Now, apart from these exercises, which as we said should be the basis of our routine, there is a wide range of analytical and isolation exercises that we can use to complete our routine and the work to be done. Within this range of movements and exercises is the so-called calisthenics, which are the exercises performed with our own body weight and which are usually very useful in the famous HIIT routines.
How many series and repetitions?
The number of series and repetitions to include in our routine will determine that it is inefficient (if we fall short) or too heavy (if we pass). In addition, we must take into account an important factor when calculating the number of sets and repetitions such as frequency (commonly referred to as F), since the higher weekly training frequency of a muscle group, the lower the total of series and repetitions since we will need more rest to recover from the effort .
To give you an idea, bodybuilders tend to train at a F = 1 (a muscle group a day) since their intensity is such that they need long periods of recovery. In spite of this, this frequency could be perhaps a little low, considering that a muscle can take a maximum of 72 hours to recover at all .
In my opinion, a frequency that could be optimal for training based on a strength routine would be around two or three days per week of training for each muscle group (keep in mind that multi-joint exercises involve several muscle groups, so that this counts as training).

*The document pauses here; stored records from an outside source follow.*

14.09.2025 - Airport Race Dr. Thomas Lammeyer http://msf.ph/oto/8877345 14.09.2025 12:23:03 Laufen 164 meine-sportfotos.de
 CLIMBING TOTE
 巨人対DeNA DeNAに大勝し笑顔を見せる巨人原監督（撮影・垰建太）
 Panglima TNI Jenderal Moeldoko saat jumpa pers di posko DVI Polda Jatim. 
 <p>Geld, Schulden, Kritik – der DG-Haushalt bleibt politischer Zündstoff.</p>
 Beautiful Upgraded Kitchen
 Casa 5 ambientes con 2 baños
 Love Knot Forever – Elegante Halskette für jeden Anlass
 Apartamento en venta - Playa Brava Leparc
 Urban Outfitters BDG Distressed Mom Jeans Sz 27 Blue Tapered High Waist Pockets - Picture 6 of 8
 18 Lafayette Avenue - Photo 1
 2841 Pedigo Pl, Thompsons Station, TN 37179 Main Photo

Depending on the person, the number of series that can be performed in strength training can vary between two and four series for each exercise , with the number of series in the aforementioned range of one to six repetitions (the lower the number of repetitions the greater percentage of load to be used).
The importance of rest between sets
And with the previous sections calculated, we just need to plan the rest time between sets , because without adequate rest our recovery will not be total and we could cause an injury.
In the case of a strength routine and, therefore, since we are going to work with large weights, the rest time between series should not be less than two minutes nor more than three. If it is less than two minutes, we could force our body to perform a new series without being recovered , which will increase the risk of injury and fatigue. On the other hand, if the rest is longer than three minutes, we could get an opposite effect and that our “disconnect” from the training and the next series costs us more than the one we have just done.